DATA TO USE:
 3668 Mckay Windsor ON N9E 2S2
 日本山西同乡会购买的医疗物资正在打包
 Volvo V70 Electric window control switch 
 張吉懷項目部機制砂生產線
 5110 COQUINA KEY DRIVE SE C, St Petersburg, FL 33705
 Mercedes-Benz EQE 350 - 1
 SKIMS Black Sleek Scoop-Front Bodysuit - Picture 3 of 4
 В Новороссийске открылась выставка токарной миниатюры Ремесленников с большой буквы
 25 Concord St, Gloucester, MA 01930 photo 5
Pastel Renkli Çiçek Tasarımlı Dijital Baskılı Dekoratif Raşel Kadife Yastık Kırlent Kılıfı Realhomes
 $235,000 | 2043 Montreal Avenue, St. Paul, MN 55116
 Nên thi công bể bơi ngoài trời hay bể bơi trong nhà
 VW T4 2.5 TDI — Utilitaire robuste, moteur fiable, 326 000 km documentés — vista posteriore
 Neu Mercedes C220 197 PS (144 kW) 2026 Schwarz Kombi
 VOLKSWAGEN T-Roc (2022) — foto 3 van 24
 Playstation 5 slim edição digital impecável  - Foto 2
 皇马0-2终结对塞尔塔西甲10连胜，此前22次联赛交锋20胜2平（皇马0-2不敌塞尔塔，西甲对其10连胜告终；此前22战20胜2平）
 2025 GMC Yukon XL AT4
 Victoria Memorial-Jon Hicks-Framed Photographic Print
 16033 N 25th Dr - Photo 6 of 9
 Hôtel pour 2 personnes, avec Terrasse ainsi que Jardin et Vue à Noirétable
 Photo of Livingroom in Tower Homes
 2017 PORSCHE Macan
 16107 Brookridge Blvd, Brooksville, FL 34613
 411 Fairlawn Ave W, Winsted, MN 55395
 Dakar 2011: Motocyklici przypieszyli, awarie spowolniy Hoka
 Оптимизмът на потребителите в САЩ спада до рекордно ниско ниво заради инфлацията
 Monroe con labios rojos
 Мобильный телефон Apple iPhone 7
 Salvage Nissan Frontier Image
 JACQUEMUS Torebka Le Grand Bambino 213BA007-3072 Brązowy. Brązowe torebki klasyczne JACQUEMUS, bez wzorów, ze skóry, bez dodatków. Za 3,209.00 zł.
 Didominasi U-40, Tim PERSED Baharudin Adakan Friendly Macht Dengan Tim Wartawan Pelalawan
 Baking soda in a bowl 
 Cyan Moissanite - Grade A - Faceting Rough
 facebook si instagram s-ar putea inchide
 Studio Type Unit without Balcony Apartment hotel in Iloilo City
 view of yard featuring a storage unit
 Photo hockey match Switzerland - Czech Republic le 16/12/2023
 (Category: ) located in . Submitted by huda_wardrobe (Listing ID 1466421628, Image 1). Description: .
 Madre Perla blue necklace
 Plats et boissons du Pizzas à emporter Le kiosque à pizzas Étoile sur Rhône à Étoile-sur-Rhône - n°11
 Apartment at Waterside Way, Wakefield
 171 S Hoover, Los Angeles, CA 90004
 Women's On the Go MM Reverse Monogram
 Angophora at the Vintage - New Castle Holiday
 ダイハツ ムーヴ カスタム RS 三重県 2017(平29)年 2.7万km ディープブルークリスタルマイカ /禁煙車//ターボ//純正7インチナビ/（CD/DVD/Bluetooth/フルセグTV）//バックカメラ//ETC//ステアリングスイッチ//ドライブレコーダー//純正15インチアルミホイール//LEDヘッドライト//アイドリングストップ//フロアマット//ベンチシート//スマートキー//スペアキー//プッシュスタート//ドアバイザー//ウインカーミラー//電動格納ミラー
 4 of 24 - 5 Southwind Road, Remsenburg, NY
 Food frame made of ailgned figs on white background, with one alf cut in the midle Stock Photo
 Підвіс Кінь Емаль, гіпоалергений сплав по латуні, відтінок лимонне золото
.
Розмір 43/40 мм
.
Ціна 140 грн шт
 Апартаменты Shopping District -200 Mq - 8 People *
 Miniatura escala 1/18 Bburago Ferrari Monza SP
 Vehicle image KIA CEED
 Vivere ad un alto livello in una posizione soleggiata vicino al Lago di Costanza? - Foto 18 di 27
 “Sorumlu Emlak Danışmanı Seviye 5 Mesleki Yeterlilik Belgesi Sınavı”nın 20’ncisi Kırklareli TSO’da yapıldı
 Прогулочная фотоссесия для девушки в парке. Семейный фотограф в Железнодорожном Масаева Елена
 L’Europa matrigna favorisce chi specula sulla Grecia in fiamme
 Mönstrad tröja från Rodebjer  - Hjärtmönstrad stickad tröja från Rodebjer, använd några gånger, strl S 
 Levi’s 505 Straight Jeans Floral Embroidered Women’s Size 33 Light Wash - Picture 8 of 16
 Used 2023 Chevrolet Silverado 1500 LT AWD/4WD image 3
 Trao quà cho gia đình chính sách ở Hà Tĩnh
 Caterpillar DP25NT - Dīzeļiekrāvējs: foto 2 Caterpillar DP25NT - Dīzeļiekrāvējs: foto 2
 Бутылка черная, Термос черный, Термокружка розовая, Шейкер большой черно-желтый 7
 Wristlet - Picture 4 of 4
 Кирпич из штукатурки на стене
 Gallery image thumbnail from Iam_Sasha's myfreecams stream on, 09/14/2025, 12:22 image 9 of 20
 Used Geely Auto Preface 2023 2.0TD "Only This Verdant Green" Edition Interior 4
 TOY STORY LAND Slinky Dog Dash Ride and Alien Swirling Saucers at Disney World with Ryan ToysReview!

BRIEF: Please output exactly the lines between the one holding "ダイハツ ムーヴ カスタム" and the one holding "Ціна 140 грн шт" in the records above, inclusive, and nothing more.

ANSWER BOX:
 ダイハツ ムーヴ カスタム RS 三重県 2017(平29)年 2.7万km ディープブルークリスタルマイカ /禁煙車//ターボ//純正7インチナビ/（CD/DVD/Bluetooth/フルセグTV）//バックカメラ//ETC//ステアリングスイッチ//ドライブレコーダー//純正15インチアルミホイール//LEDヘッドライト//アイドリングストップ//フロアマット//ベンチシート//スマートキー//スペアキー//プッシュスタート//ドアバイザー//ウインカーミラー//電動格納ミラー
 4 of 24 - 5 Southwind Road, Remsenburg, NY
 Food frame made of ailgned figs on white background, with one alf cut in the midle Stock Photo
 Підвіс Кінь Емаль, гіпоалергений сплав по латуні, відтінок лимонне золото
.
Розмір 43/40 мм
.
Ціна 140 грн шт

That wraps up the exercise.